Non-GAAP Financial Measures Used in Kimberly-Clark Corporation's Investor Day Presentations (March 2010)

In materials posted on this internet website, the following financial measures have not been calculated in accordance with generally accepted accounting principles in the U.S., or GAAP, and are therefore referred to as non-GAAP financial measures:

  • adjusted earnings and earnings per share
  • adjusted operating margin
  • adjusted return on invested capital
  • organic sales growth

These non-GAAP financial measures exclude certain items that are included in the company’s earnings and earnings per share, operating margin, return on invested capital (“ROIC”), and sales growth calculated in accordance with GAAP. A detailed explanation of each of the adjustments to the comparable GAAP financial measures is given below.
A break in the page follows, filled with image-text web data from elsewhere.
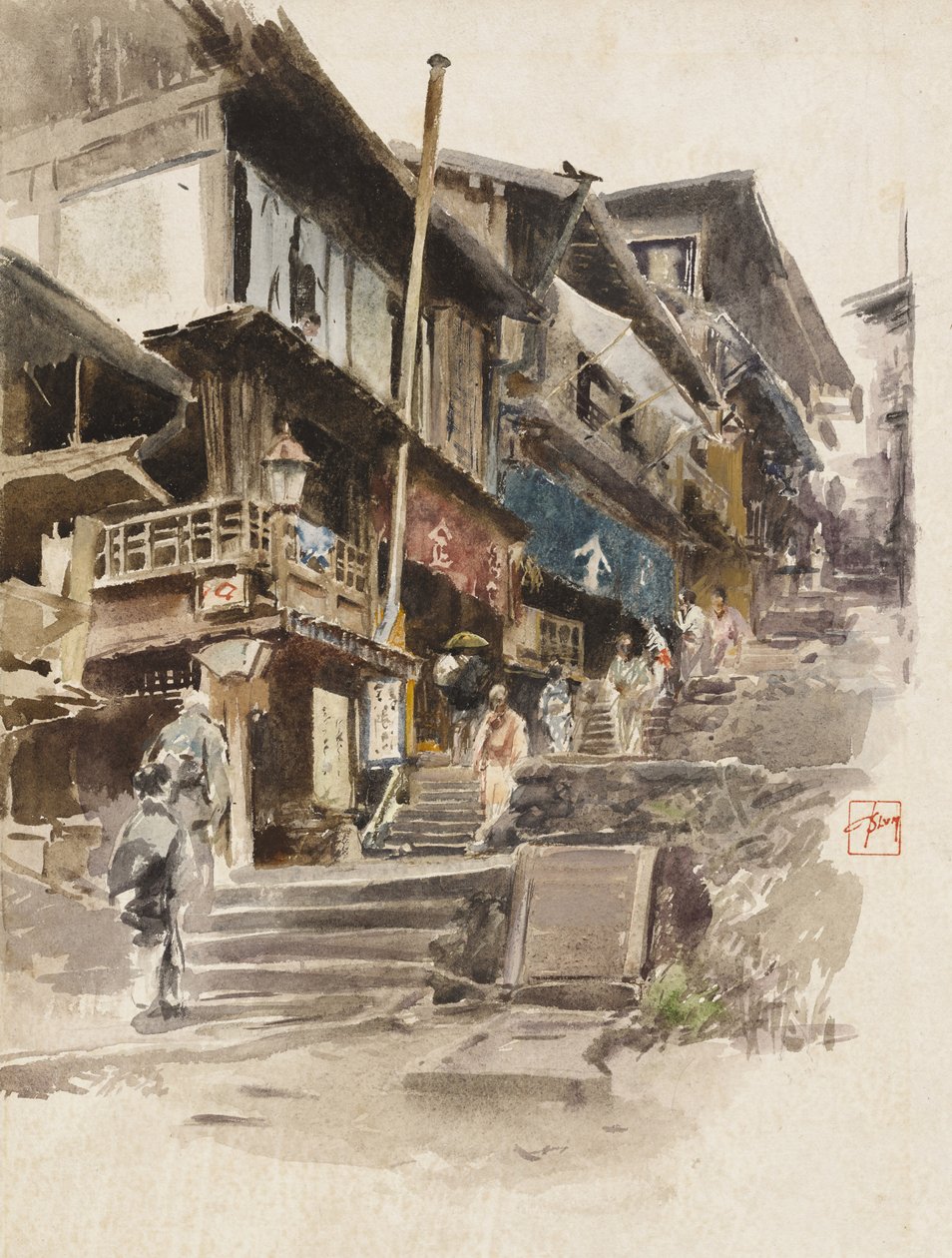 En gata i Ikao, Japan II, 1890 av Robert Frederick Blum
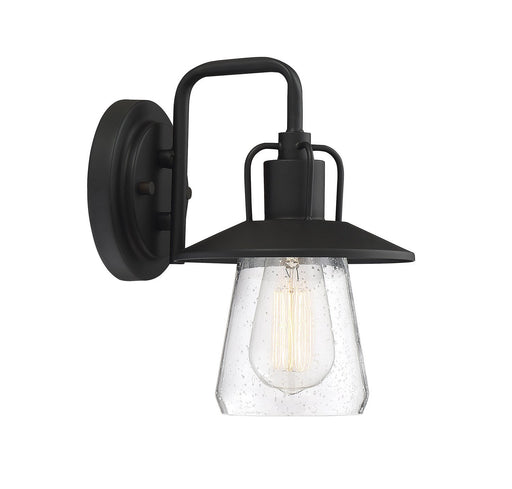 Farmhouse Seeded Glass 1-Light Outdoor Wall Lantern in Matte Black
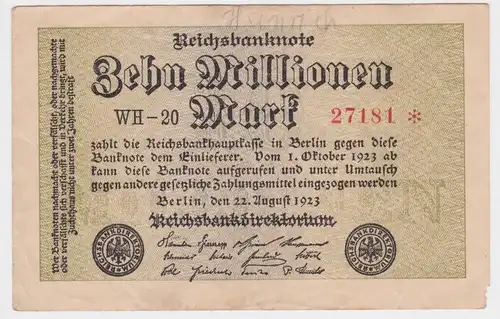10 Millionen Mark Banknote Berlin 22.8.1923 Rosenberg 105e KN 5 stellig (159591)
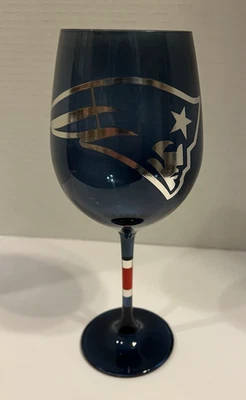 Copa de Vino Azul New England Patriots-Metálico Plata Logo Oficial NFL 9"-9 Oz. Foto 1 de 4
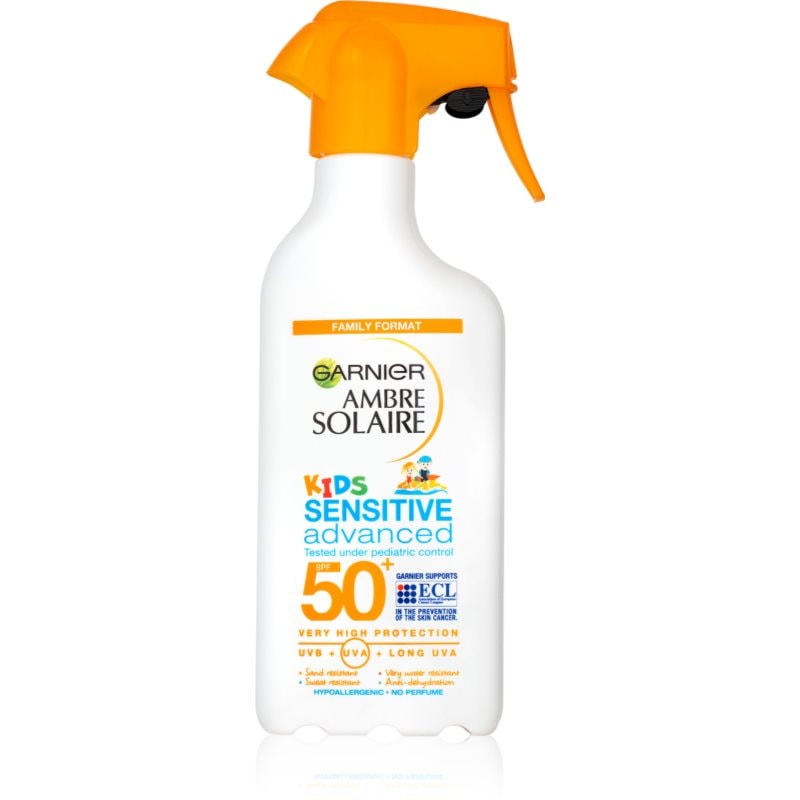 Garnier Ambre Solaire Sensitive Advanced защитен спрей за деца SPF 50+ - Грижа за тяло - Сравни цени от 1 магазин с безплатна доставка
Kimberly-Clark provides these non-GAAP financial measures as supplemental information to our GAAP financial measures. Management and the company’s Board of Directors use adjusted earnings and earnings per share, adjusted operating margin, adjusted ROIC and organic sales growth to (a) evaluate the company’s historical and prospective financial performance and its performance relative to its competitors, (b) allocate resources and (c) measure the operational performance of the company’s business units and their managers. Additionally, the Management Development and Compensation Committee of the company’s Board of Directors uses certain of these non-GAAP financial measures when setting and assessing achievement of incentive compensation goals. These goals are based, in part, on the company’s adjusted earnings per share and improvement in the company’s adjusted return on invested capital determined by excluding the charges and credits that are used in calculating these non-GAAP financial measures.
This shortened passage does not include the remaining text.